The evidence admitted in the present case could not have been lawfully admitted, even in the discretion of the judge, without a showing that the condition existing at the time when the two girls fell was substantially the same as that existing when the plaintiff fell.' That was not shown. It does not appear that on the earlier occasion the tacks had been pulled out to the same extent, or that the carpet assumed the same form or had the same degree of looseness, as at the later time. The admission of the evidence was erroneous.

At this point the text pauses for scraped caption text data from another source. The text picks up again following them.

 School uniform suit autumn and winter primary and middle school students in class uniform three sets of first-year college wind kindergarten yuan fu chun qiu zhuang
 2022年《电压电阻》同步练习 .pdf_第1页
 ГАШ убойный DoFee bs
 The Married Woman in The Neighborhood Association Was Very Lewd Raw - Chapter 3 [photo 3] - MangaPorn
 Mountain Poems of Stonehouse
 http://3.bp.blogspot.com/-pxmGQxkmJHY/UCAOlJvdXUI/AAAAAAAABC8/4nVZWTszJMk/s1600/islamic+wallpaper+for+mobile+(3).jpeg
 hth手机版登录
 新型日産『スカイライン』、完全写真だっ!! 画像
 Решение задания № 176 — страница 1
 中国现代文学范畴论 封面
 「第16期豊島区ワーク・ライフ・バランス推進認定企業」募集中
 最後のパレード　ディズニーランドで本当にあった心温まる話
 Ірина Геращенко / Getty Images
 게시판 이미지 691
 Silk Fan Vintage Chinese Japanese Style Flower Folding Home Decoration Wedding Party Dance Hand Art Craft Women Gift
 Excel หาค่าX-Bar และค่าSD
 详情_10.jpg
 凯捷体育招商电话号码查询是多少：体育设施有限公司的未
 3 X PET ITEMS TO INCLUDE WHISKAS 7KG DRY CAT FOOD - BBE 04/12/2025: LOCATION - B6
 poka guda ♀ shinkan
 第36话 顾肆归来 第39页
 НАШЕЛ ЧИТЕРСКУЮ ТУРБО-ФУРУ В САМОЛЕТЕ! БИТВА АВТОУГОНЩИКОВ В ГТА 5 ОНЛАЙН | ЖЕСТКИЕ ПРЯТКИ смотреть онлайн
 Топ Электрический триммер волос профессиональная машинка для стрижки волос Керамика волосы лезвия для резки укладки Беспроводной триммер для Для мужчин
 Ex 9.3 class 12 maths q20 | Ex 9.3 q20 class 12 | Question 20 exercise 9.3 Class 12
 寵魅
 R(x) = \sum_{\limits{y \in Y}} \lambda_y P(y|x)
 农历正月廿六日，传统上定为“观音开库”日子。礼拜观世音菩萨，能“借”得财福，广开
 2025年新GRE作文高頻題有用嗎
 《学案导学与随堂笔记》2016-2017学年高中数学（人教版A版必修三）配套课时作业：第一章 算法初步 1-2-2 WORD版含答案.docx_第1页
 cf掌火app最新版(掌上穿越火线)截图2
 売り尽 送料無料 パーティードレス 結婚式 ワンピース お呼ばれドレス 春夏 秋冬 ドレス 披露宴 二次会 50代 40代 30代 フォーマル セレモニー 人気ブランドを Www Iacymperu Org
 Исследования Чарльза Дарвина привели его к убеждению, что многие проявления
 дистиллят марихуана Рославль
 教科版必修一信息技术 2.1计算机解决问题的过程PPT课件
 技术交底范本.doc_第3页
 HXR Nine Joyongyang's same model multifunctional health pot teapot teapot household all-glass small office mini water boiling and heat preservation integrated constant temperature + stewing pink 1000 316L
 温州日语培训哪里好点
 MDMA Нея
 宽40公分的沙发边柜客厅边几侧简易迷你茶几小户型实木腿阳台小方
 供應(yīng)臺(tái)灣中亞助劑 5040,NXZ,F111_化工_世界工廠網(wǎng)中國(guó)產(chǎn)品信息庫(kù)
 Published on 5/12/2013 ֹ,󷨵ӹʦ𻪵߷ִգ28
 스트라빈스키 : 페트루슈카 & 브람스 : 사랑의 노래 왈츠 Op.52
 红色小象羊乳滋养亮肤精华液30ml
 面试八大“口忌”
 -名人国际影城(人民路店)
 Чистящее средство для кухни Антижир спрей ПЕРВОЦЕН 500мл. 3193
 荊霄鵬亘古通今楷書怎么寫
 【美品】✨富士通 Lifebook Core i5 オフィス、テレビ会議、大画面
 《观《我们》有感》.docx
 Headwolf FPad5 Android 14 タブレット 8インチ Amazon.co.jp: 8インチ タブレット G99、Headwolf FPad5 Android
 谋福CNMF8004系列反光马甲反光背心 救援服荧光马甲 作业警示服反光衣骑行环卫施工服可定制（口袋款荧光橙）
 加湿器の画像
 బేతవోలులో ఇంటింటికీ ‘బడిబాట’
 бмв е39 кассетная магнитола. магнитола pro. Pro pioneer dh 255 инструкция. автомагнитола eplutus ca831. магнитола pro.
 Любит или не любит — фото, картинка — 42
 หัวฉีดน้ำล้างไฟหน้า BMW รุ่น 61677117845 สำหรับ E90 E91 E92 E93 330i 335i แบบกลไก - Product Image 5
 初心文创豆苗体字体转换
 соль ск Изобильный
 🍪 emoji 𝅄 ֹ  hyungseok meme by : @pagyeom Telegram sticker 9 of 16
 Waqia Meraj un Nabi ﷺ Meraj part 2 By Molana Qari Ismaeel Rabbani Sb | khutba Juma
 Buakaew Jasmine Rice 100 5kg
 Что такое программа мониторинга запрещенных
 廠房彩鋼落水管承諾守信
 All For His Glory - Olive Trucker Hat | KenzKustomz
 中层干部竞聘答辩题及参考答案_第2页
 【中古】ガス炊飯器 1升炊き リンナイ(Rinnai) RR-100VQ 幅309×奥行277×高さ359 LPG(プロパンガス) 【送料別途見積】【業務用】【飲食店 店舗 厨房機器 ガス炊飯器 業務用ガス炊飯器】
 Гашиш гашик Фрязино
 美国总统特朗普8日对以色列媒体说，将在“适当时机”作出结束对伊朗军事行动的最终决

Other questions argued need not be considered.

Exceptions sustained. 
      
      
         Standish v. Washburn, 21 Pick. 237. Collins v. Dorchester, 6 Cush. 396 (often considered the leading case). Kidder v. Dunstable, 11 Gray, 342. Lewis v. Smith, 107 Mass. 334, 338. Schoonmaker v. Wilbraham, 110 Mass. 134. Merrill v. Bradford, 110 Mass. 505. Lane v. Boston & Albany Railroad, 112 Mass. 455, 457-458, 462. Blair v. Pelham, 118 Mass. 420. Peverly v. Boston, 136 Mass. 366, 377. Menard v. Boston & Maine Railroad, 150 Mass. 386, 388. Marvin v. New Bedford, 158 Mass. 464, 466, 467. Neal v. Boston, 160 Mass. 518. Dean v. Murphy, 169 Mass. 413. Burnside v. Everett, 186 Mass. 4. Cohen v. Hamblin & Russell Manuf. Co. 186 Mass. 544. Yore v. Newton, 194 Mass. 250. Walker v. Williamson, 205 Mass. 514. Williams v. Holbrook, 216 Mass. 239, 241. Hathaway v. Chandler & Co. Inc. 229 Mass. 92, 94. Harrington v. Border City Manuf. Co. 240 Mass. 170, 173. Biancucci v. Nigro, 247 Mass. 40, 43. Guidara & Terenzio Inc. v. R. Guastavino Co. 286 Mass. 502. National Laundry Co. v. Newton, 300 Mass. 126.